Versican upregulation in Sézary cells alters growth, motility and resistance to chemotherapy

Abstract

Sézary syndrome (SéS) represents a leukemic variant of cutaneous T-cell lymphoma, whose etiology is still unknown. To identify dyregulated genes in SéS, we performed transcriptional profiling of Sézary cells (SCs) obtained from peripheral blood of patients with SéS. We identified versican as the highest upregulated gene in SCs. VCAN is an extracellular matrix proteoglycan, which is known to interfere with different cellular processes in cancer. Versican isoform V1 was the most commonly upregulated isoform in SCs.
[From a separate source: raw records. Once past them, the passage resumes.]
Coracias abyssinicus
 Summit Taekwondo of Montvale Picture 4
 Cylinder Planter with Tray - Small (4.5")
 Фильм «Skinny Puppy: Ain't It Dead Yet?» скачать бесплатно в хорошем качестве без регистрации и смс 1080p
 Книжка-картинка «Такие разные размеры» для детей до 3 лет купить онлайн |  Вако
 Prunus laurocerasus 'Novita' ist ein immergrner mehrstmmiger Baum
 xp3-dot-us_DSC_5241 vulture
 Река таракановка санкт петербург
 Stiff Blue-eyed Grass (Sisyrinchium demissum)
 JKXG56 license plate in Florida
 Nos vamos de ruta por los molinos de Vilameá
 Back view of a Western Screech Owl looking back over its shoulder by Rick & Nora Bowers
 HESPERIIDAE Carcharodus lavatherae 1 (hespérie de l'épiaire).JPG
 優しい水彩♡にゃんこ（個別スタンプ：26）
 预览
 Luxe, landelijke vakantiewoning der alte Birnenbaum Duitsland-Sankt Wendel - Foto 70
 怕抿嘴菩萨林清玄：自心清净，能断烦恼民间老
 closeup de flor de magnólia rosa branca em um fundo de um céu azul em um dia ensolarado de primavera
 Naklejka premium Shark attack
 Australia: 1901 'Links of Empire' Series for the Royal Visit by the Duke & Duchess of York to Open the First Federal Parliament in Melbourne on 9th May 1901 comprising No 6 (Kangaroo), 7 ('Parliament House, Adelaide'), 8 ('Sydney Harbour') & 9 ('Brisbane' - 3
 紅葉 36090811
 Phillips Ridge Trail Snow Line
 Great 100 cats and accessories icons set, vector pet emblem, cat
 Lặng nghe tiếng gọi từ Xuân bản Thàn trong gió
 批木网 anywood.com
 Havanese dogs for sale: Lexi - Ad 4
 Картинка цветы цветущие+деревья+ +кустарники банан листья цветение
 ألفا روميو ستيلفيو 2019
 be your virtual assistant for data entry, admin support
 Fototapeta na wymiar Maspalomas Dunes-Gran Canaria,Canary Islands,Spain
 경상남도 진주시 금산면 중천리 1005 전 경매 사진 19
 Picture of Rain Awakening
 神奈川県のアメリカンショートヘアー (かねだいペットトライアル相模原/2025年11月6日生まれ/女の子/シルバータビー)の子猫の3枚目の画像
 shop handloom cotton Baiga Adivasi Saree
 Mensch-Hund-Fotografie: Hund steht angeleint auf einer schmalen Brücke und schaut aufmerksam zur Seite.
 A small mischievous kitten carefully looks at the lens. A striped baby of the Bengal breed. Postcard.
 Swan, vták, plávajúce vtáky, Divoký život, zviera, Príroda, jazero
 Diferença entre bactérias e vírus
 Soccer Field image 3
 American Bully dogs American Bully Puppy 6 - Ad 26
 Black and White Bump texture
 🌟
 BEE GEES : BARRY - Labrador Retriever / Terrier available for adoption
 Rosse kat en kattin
Using a lentiviral plasmid, we overexpressed versican V1 isoform in lymphoid cell lines, which altered their growth behavior by promoting formation of smaller cell clusters and by increasing their migratory capacity towards stromal cell-derived factor 1, thus promoting skin homing. Versican V1 overexpression exerted an inhibitory effect on cell proliferation, partially by promoting activation-induced cell death. Furthermore, V1 overexpression in lymphoid cell lines increased their sensitivity to doxorubicin and gemcitabine. In conclusion, we confirm versican as one of the dysregulated genes in SéS and describe its effects on the biology of SCs. Although versican overexpression confers lymphoid cells with increased migratory capacity, it also makes them more sensitive to activation-induced cell death and some chemotherapeutics, which could be exploited further for therapeutic purposes.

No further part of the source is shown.